Originally Coalition Comics had Joe Davis and Dorphise Jean as members, but they had to leave the group. Carlos approached Eric and I about joining Coalition Comics due to our passion and dedication, and after some consideration, I accepted his invitation, and brought Thunder Woman along to join the Power Company proper.
In-universe, well, I recommend reading the Power Company comics, starting with #1, to find out.
1st: Which Marvel or DC character is Thunder Woman closest to power wise?
Daniel: The characters that I’ve always compared her to in my mind when it came to her strength and toughness were Alpha Flight’s Sasquatch, the DCAU version of Superman, and Robert Kirkman’s Invincible. She’s an upper tier character, but just below the level of power characters like Thor, the Hulk, and DC’s major flying bricks occupy. However, I’d say her weather control is at least on par if not greater than Storm’s, and her electrical powers at least as powerful as anything Thor can dish out, and with a greater variety of techniques.
1st: In Power Company which member would be the best pick for a chance to beat Thunder Woman?
Daniel: I tend to dislike pitting heroes against one another. It may be an old staple of superhero comics, particularly Marvel, but seeing people pit otherwise heroic and good characters against one another always bothered me, and that’s not helped by how prevalent it’s become in the past fifteen years or so.
I also ascribe to the viewpoint that in fiction, any character can beat any other character and that it’s up to the writer to make it at least plausible. Battle board style logic has no place in writing in my opinion, though that should not be an excuse for a writer to completely ignore all logic either and have a normal human hurt a character who could otherwise withstand a tank shell, or for a competent but otherwise normal human land a hit on a character capable of moving and reacting beyond the speed of thought.
But, with all that said, to answer your questions more directly, I would say Steel Wolf would probably be the best candidate, as he has the strength to overpower her, the toughness to withstand her attacks, and furthermore knows her and how she fights better than any of the other members, owing to their past experience with one another that predates the Power Company.
Other Power Company characters that could be of use against her would likely be Fivestar and Forecast. The former because his strength, toughness, and energy powers would allow him to go toe-to-toe with her, the latter because his weather powers would allow him to counter many of Thunder Woman’s most powerful and useful abilities.
1st: Which villain or villains does Thunder Woman fight in “Power Company”?

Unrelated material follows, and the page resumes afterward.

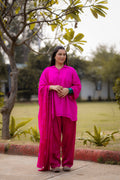 Radiant Rani Pink Silk Organza Kurta Set
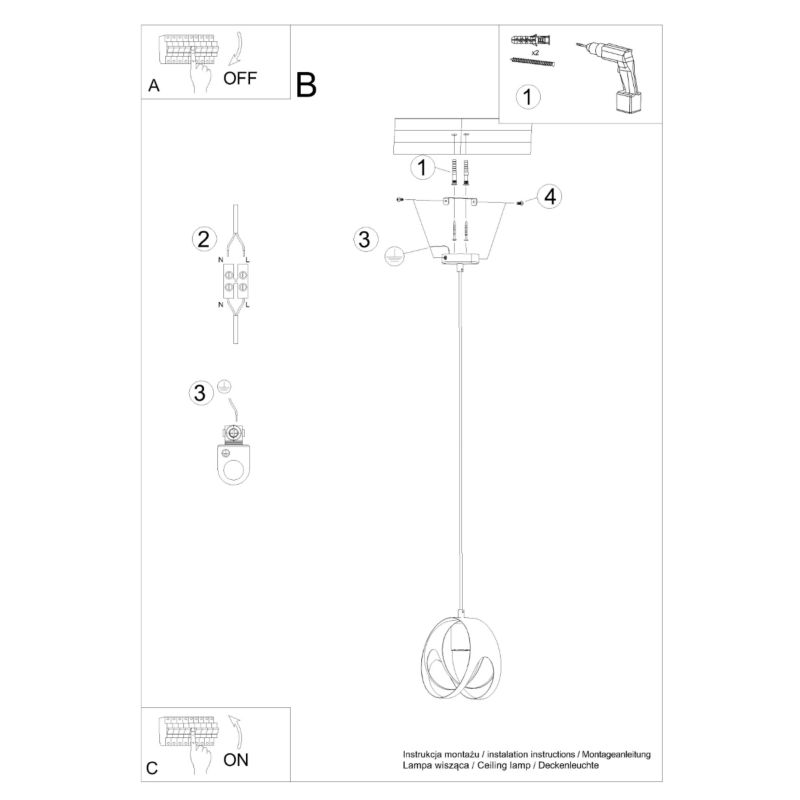 Lampa wisząca Sollux Lighting TULOS 1 czarna 1 szt.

Daniel: In The Power Company #1, she does battle with Brimcoal. She is also seen vaporizing some of the Necromage’s minions.
1st: Does or will Thunder Woman have her own comic?
Daniel: Right now, Thunder Woman’s sole comic appearance is in The Power Company #1. In #2 she will join the team in full. She is also slated to appear as a member of another team of heroes called “The Remarkables.”
As for her own comic, my current goal is to begin work on a Thunder Woman graphic novel in 2019, and so right now I am working to finish developing and fleshing out Samantha’s character and the world around her.
1st: What inspired the creation of Thunder Woman?
Daniel: Thunder Woman was originally created to be my character in a shared superhero fiction setting on DeviantArt called “Angel Falls.” Many of her elements, such as her mythological roots, were part of an effort on my part to distinguish her from the more science-based heroes that the setting had at that point, and to add an element of mythology and folklore that I felt was lacking at that time.
Thunder Woman is an amalgamation of many of my favorite comic book heroes. I drew upon elements of Superman, Captain Marvel/Shazam, Thor, Wonder Woman, Storm, Invincible, and even Spider-Man and Captain America for her.
1st: Will you be creating more characters to add to Thunder Woman?
Daniel: I have mostly completed the selection of characters that occupy her world. I still need to develop more of a human supporting cast and antagonists that aren’t supervillains for her though.
1st: Who are in Thunder Woman’s rogue gallery?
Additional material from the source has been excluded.